The Alberta government hopes it can attract $1.4 billion in investment to the agriculture sector over the next for years as it aims to expand the provincial economy.
Revealing more details in its budget today, the government said the aggressive target would support 2,000 new jobs in canola processing, the pork industry, plant protein, greenhouses, food processing, the malt industry, agri-technology, and other emerging sectors.
The pledge is part of the government’s new value-added strategy, in which it hopes corporate tax cuts, as well as advocacy, will lure investors.
However, it comes at a time when the province continues to cut department expenses, arguing its fiscal house needs get in order as the economy continues to lag.
The Agriculture and Forestry department is seeing a massive cut of roughly $538 million, though the bulk of that was done by completely axing the wildfire pre-suppression and response program, which had cost roughly $485 million.
The primary agriculture division is slated to see a $20 million cut. It budgeted roughly $93 million in 2019-20 and it’s estimate for 2020-21 is $73 million.
The Agriculture and Forestry department expects 277 full-time-equivalent job losses. It isn’t clear which divisions will see the most job reductions.
As well, the Agriculture Financial Services Corporation (AFSC) expects 48 full-time-equivalent job losses.
Dave Bishop, chair of the Alberta Barley Commission, said he hopes the department keeps extension employees, but the commission will have to wait and see what the fallout is before commenting further.
Overall, the province anticipates a $6.8 billion deficit, but plans to eventually post a surplus in 2022-23. Provincial debt is expected to grow to $95.6 billion this year.
The government, however, expects economic growth in the coming years, anticipating more pipelines will come on line, increased investment in the energy sector and housing, more employment and more tax revenue.
Finance Minister Travis Toews said the province is prepared to cut further if the rosy economic picture doesn’t pan out.
“When you take a look at our underlying assumptions, they aren’t overly optimistic,” he said. “They are cautious but credible.”
Bishop said he is supportive of the cuts, suggesting fiscal responsibility is needed.
As for farmer research, it plans on remaining the same before the government introduces a new model.
The province will commit $37 million to farmer research this coming fiscal year. Of that total, $7 million will come from the Canadian Agricultural Partnership program, $10 million will be for external organizations and $20 million will be spent within the department.
The province is expected to launch a new research funding model that takes farmers’ priorities into account.
Delivery of crop insurance won’t change and producers’ premiums won’t be impacted.
As for the value-added strategy, the province hopes there will be 280 value-added agriculture products developed by 2020-21, expecting that number to grow to 310 by 2022-23.
It expects $840 million in investment will be leveraged in rural businesses and agribusinesses, facilitated through AFSC. By 2022-23, it expects that figure to be $925 million.
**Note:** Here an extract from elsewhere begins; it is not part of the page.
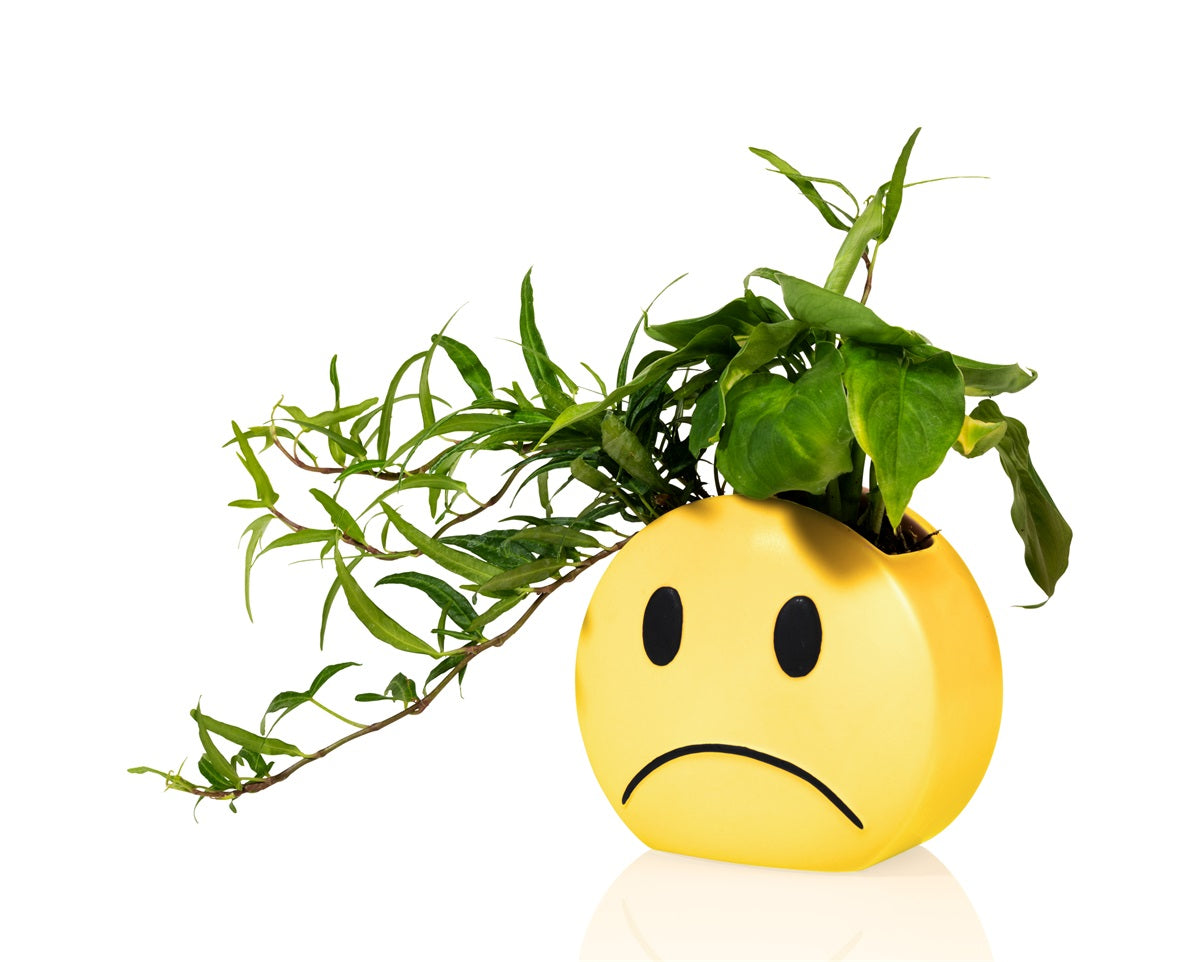 boite humeur jaune bitten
Included in the budget is $2 million for protein fractionation equipment at the Food Processing Centre in Leduc, Alta. It’s part of the province’s $6.4 billion capital plan.
Bishop said more value-added agriculture would beneficial.
“It would be great if we could have that happen,” he said. “It could attract employment and make our farms more profitable.”
Toews continued his push for the federal government to rebate Alberta $2.4 billion through the Fiscal Stabilization Program. He argued the province has made significant contributions to the federal program, yet he said the federal government has introduced harmful policies.
“There is a lot of unrest,” he said. “The federal government has been enacting policies that aren’t in the best interest of the people of this province and this country. The frustration is high and I share that.”
The province will be introducing new tax streams to generate revenue.
It will be introducing a vaping tax of 20 percent. It aims to bring in $4 million in 2020-21 and $8 million in 2021-22.
This comes after the government hiked fees for cigarettes, charging $5 more for a carton of 200. Loose tobacco taxes grew by 3.75 cents.
The province will be introducing a levy on short-term rentals, as well as a recreation trail fee. There will be increases to provincial park fees.
The government plans on introducing a program that offer upgrades for rural health facilities across the province.